第二部 信仰と理性論 星加弘文

Chapter 4 超越的認識の可能性 (23)「現象と物自体の分離」思想の考察

Section 9 新たな超越論理解による「触発論」の解決

前節までに確認してきた「超越論的」理解が「触発論」をどのように解決するかをみてみよう。これは『純粋理性批判』での現象と物自体の関係を確定するものであり、同時に、当「信仰と理性論」の内在―超越観を述べるもので、懸案の「カント的分断」の解決の提示である。

カントは、認識活動が外部の働きかけによって引き起こされることを述べることから『純粋理性批判』を始めている。

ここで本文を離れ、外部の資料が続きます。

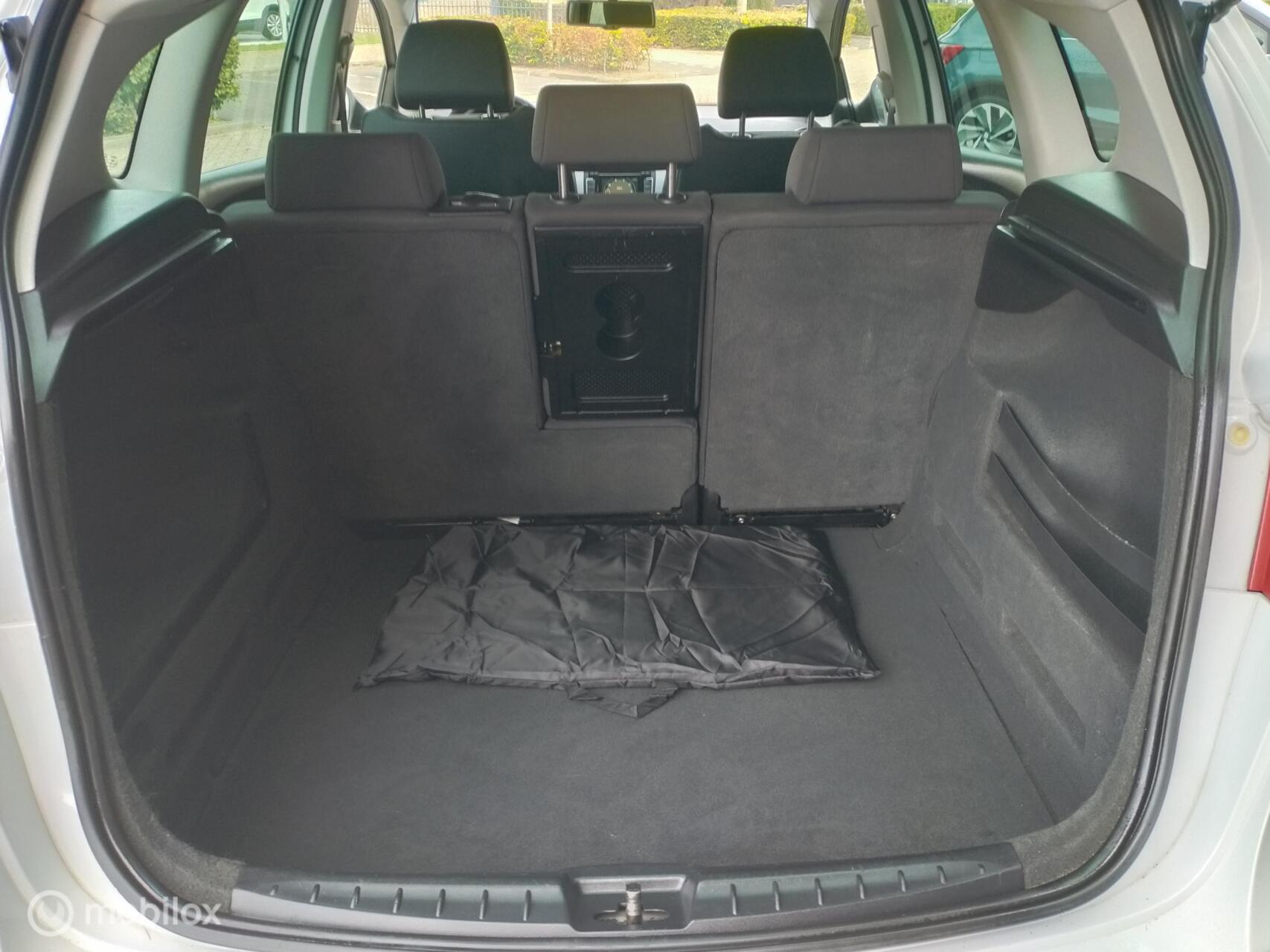 Foto van Seat Altea XL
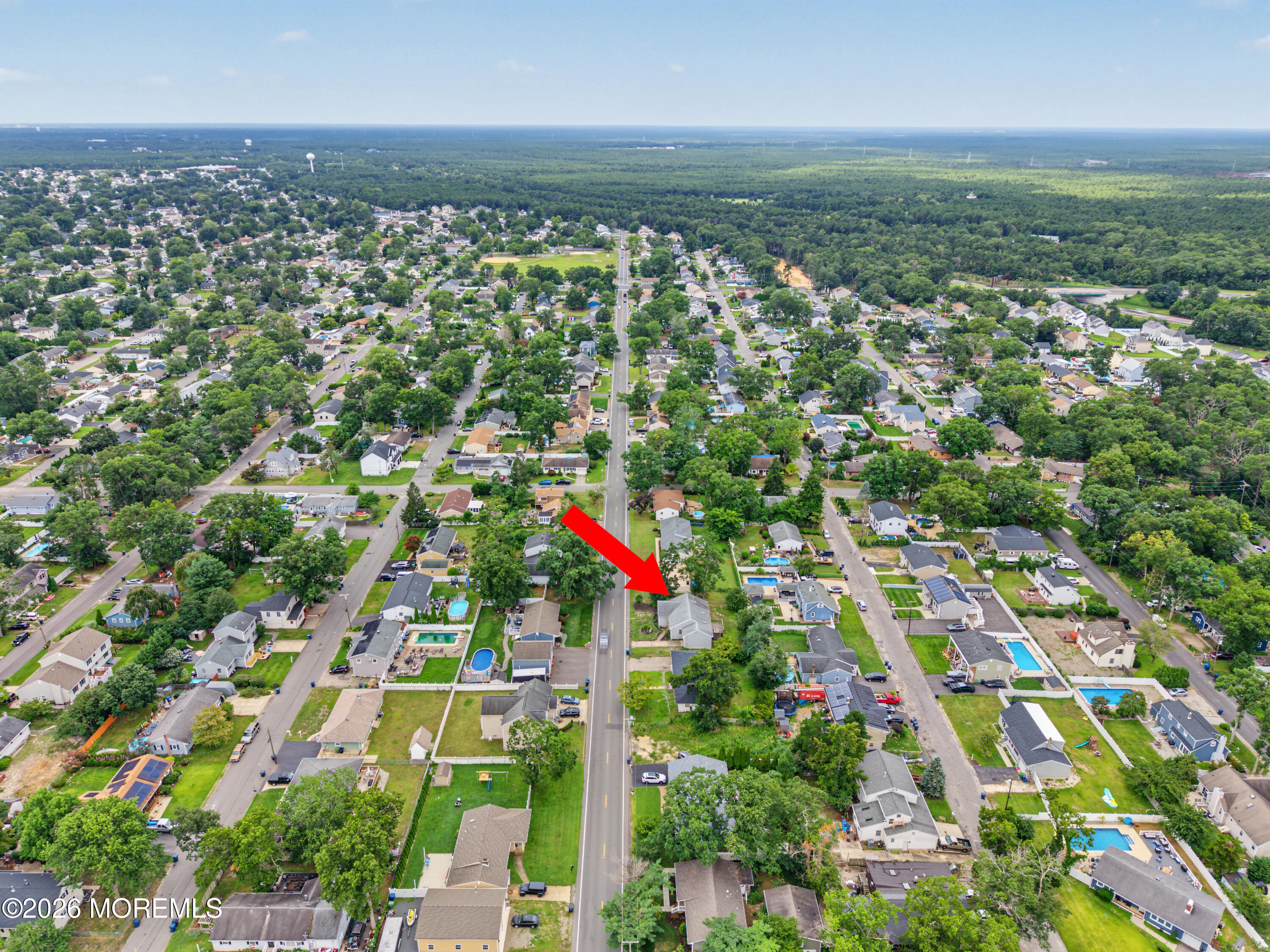 628 Surf Avenue Beachwood NJ 08722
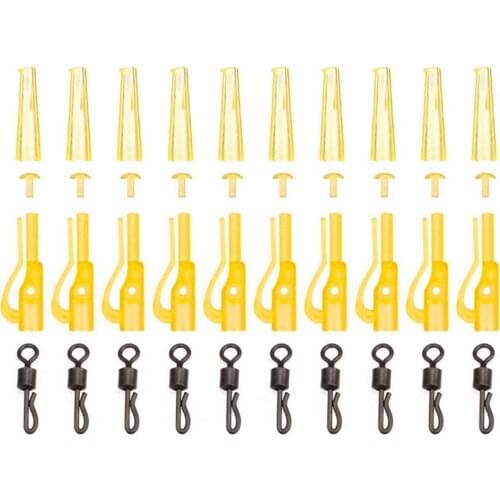 Fishing Line Tools Kit 3-in-1 Fishing Line Tools with Rolling Quick Change Swivels Accessories Kit Fishing Accessories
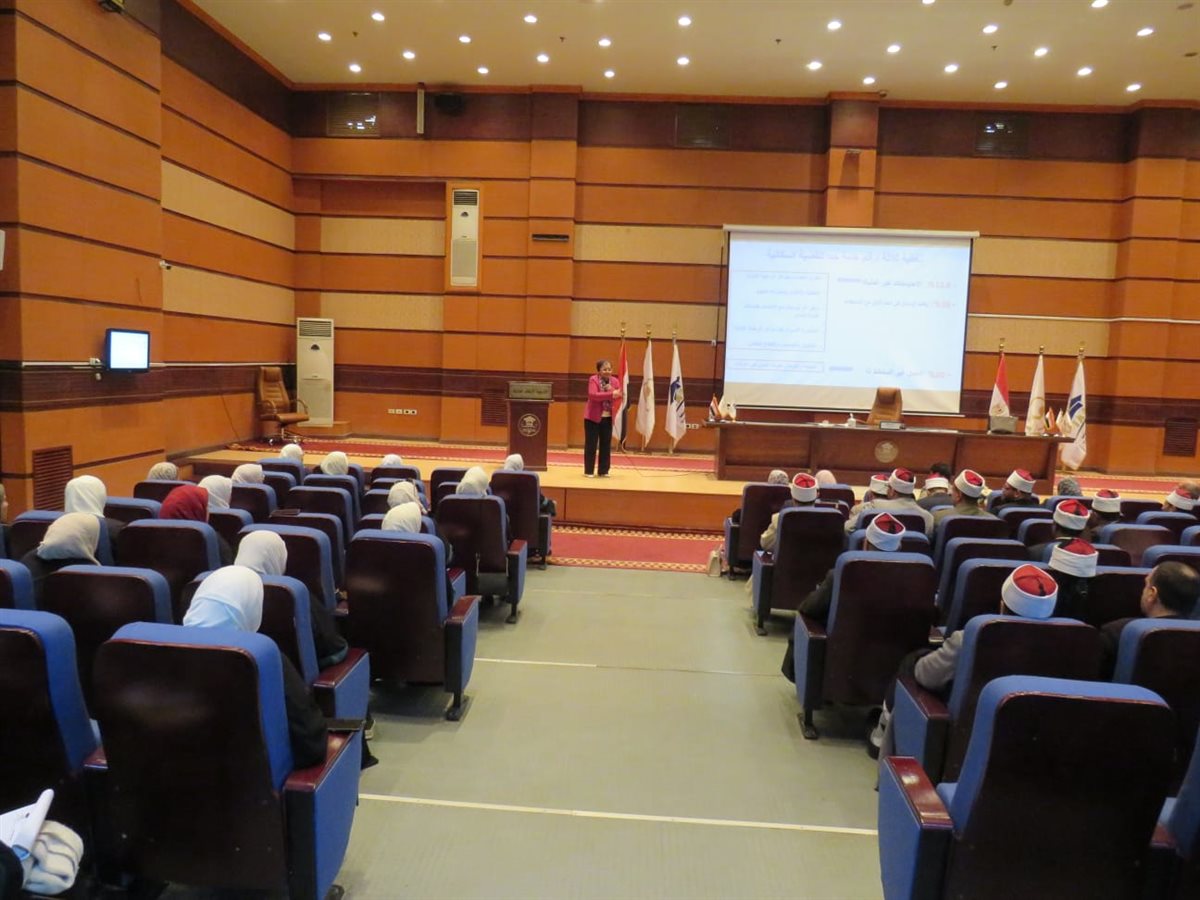 جانب من الدورة التدريبية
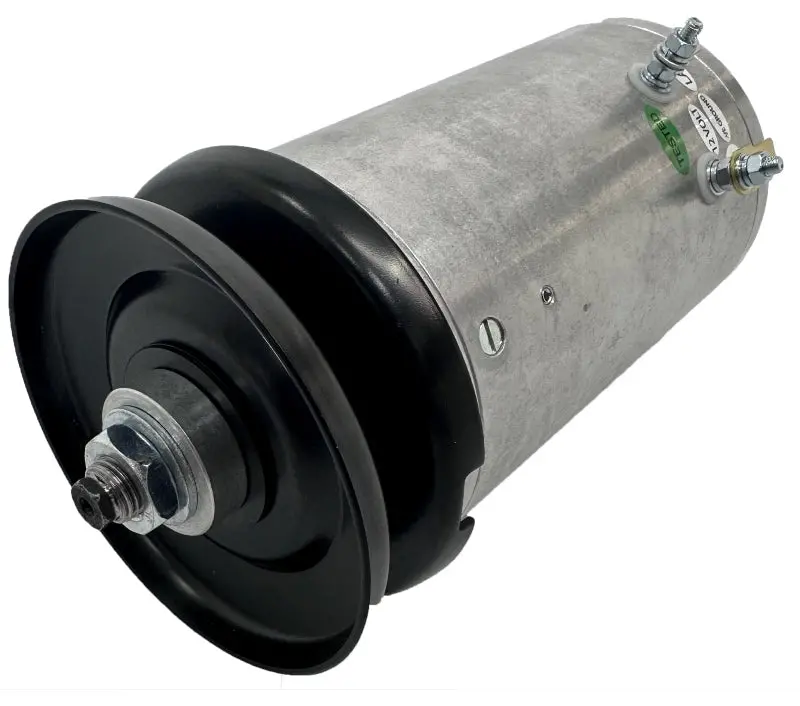 Wosp Lmdaur001 Dynator (Dynamo Style) 12V 50A Fits Lancia Aurelia 50A Dynator 1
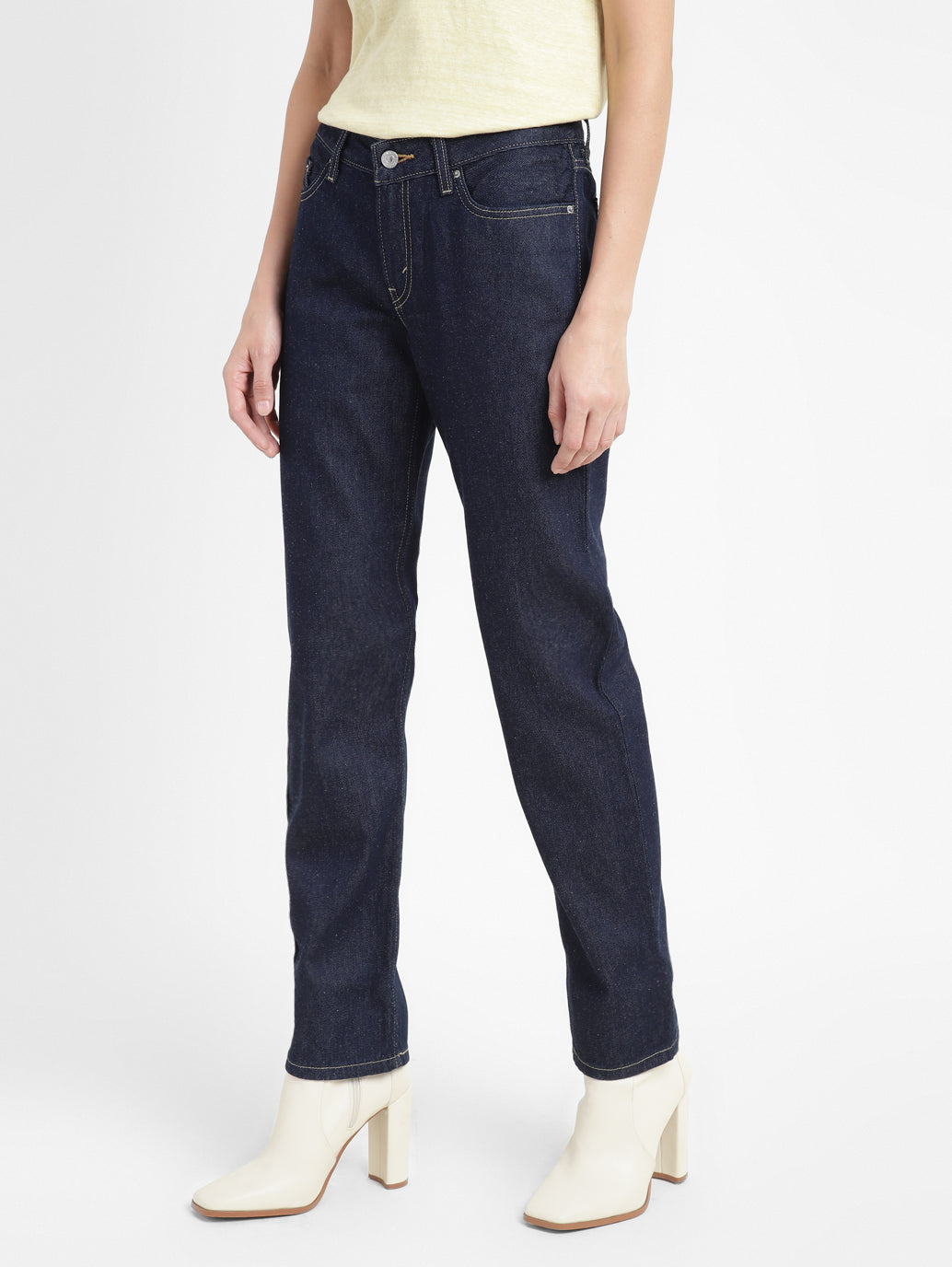 Women's Straight Fit Jeans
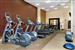 Health club  fitness center  gym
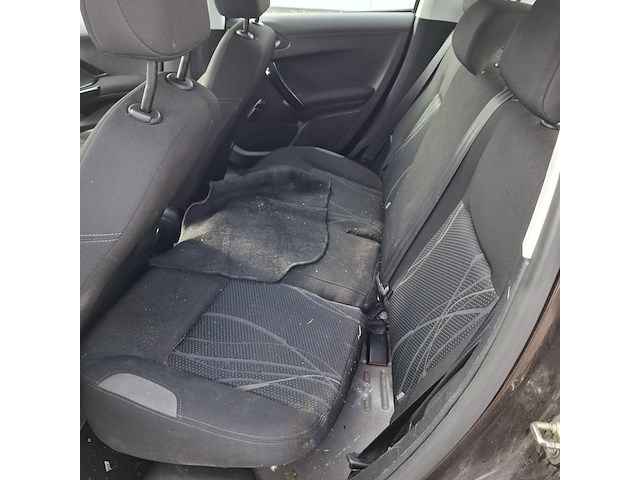 Personenauto peugeot, 208 1.2 vti envy, bruin, bouwjaar 2013 - afbeelding 25 van  55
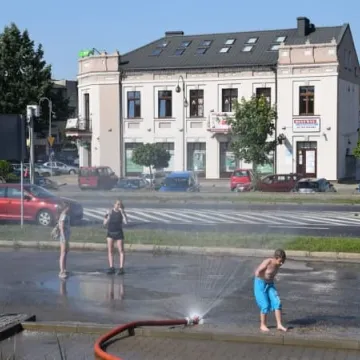 [AKTUALIZACJA] Nadal upalnie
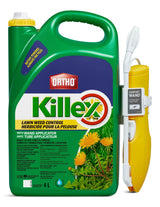 Killex Lawn Weed Control with Wand, 4-L K1F0 - product image 2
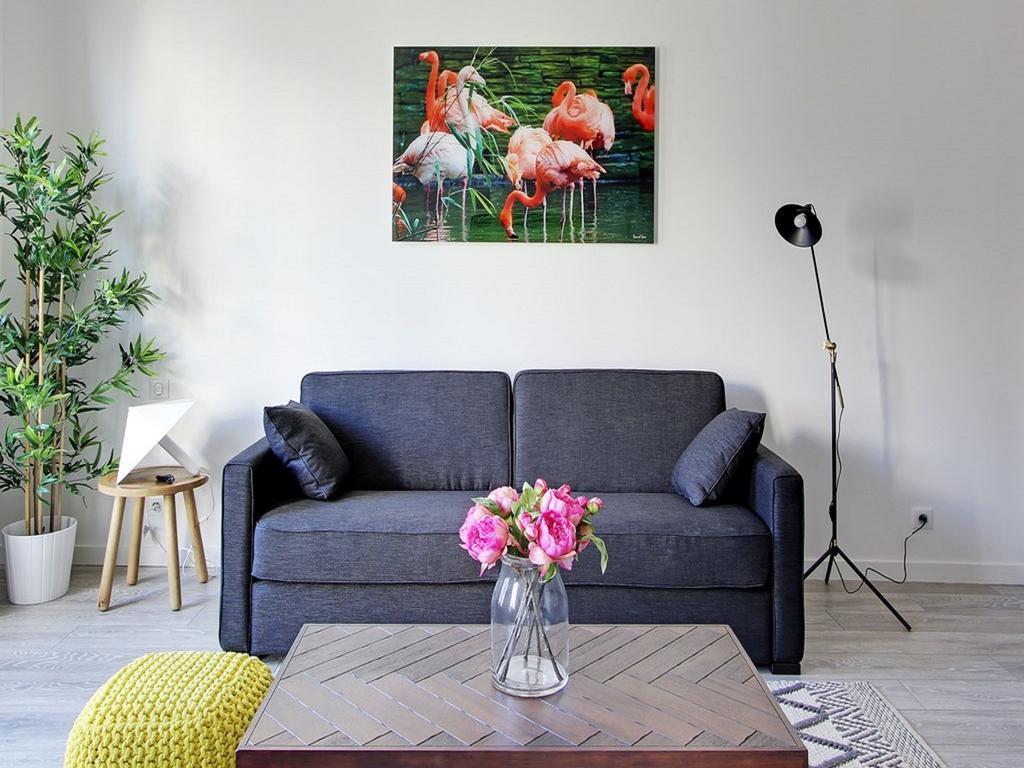 Résidence Bonne Nouvelle Paris Chambre photo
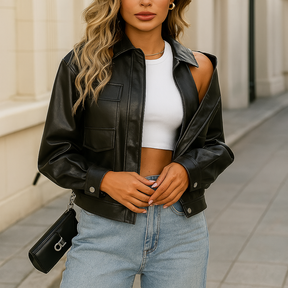 Jaqueta Casual Feminina Marla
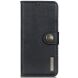 Чехол-книжка KHAZNEH Wallet Cover для Samsung Galaxy A56 (A566) - Black (372113B). Фото 5 из 8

「我々の認識能力が、対象によって喚びさまされて初めてその活動を始めるのでないとしたら、認識能力はいったい何によってはたらき出すのだろうか。」B1)

するとここに、認識活動を喚びさます「対象」とは何なのか、という問いが自ずと設定されることになる。しかしカントは、特にこの問題を取り上げて、後に「触発論」と呼ばれることになる議論を展開しているわけではない。

「触発」に関する言及は「対象が或る仕方で心意識を触発する」B33)「主観は対象によって触発せられる」(B42)、「外感が先験的対象によって触発される」(B358)などと、「対象」[1] あるいは「先験的対象」[2] によるものとして常に素朴に語られるだけである。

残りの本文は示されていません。